The big world hypothesis says that for many learning problems, the world is multiple orders of magnitude larger than the agent. The agent neither fully perceives the state of the world nor can it learn the correct value or optimal action for each state. It has to rely on approximate solutions to achieve its goals. In this paper, we make a case for embracing the big world hypothesis. We argue that even as computational resources grow, the big world hypothesis remains relevant. We conclude by discussing the implications of accepting the big world hypothesis on the design and evaluation of algorithms.

1 The Big World Hypothesis

The big world hypothesis says that in many decision-making problems the agent is orders of magnitude smaller than the environment. It can neither fully perceive the state of the world nor can it represent the value or optimal action for every state. Instead, it must learn to make sound decisions using its limited understanding of the environment. The key research challenge for achieving goals in big worlds is to come up with solution methods that efficiently utilize the limited resources of the agent.

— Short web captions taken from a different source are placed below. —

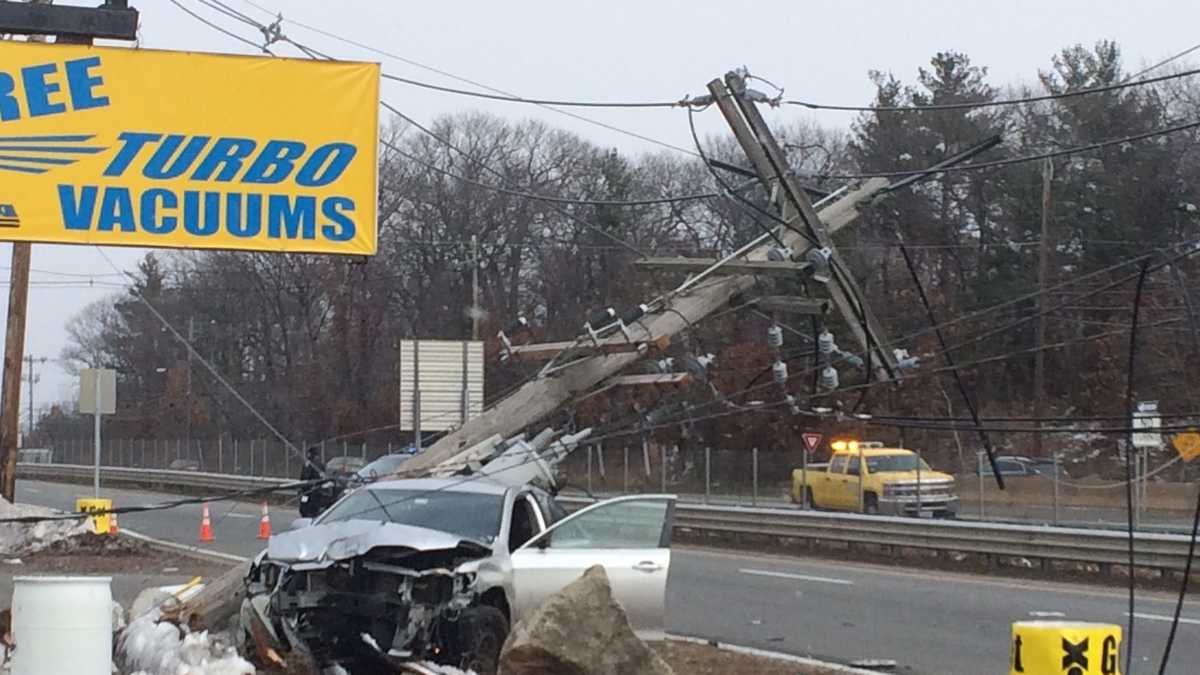 Utility Pole Taken Out In Crash Was Driver Cut Off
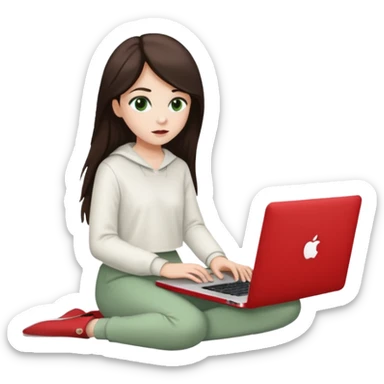 Long dark brown haired, white skinned, dark green eyed girl in white clothes girl sitting in macbook with a red case and watching to macbook sticker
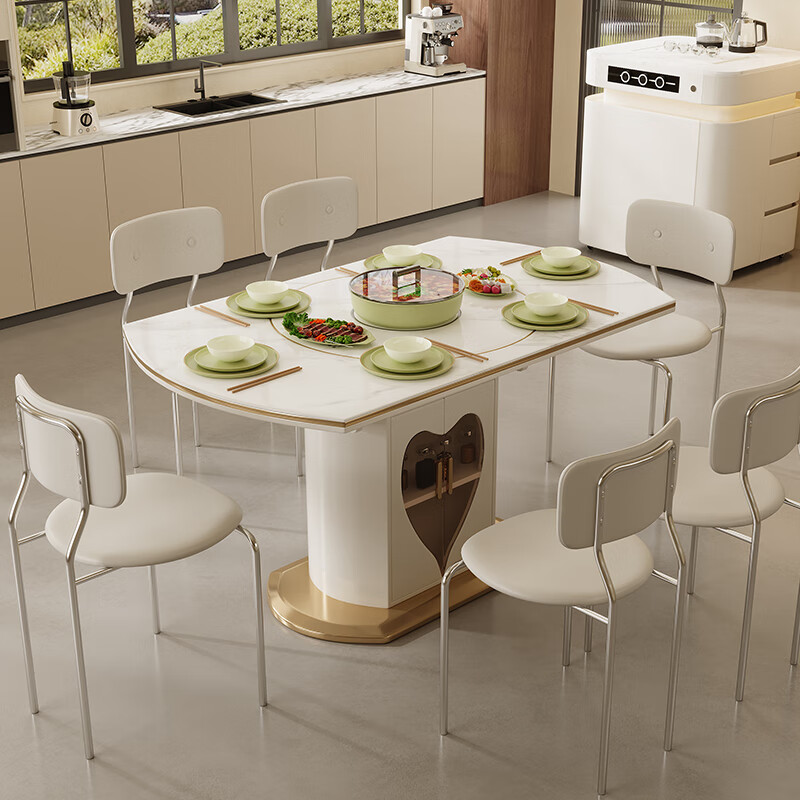 Yishengyuan slate island table dining table integrated household separated guide table modern light luxury with induction cooker turntable telescopic round table 1.35 meters dining table + telescopic island table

The opposing view to the big world hypothesis is that real-world decision-making problems have a simple solution. The agent is not only capable of representing the simple solution but also has additional capacity that can be used to search for the solution more efficiently—they are over-parameterized. The key research challenge for achieving goals with over-parameterized agents is to find the solution that enables optimal decision-making in perpetuity.

There are many problems that satisfy the big world hypothesis and many that do not. The problem of finding roots of a second degree polynomial admits a simple solution that always work. Representing the value function of the game of Go for all states does not have a simple solution. The big world hypothesis is more a statement about the class of problems we should care about than a fact about all decision-making problems. It can be made true or false by exercising control over the design of the environment and the agent (e.g., when developing benchmarks).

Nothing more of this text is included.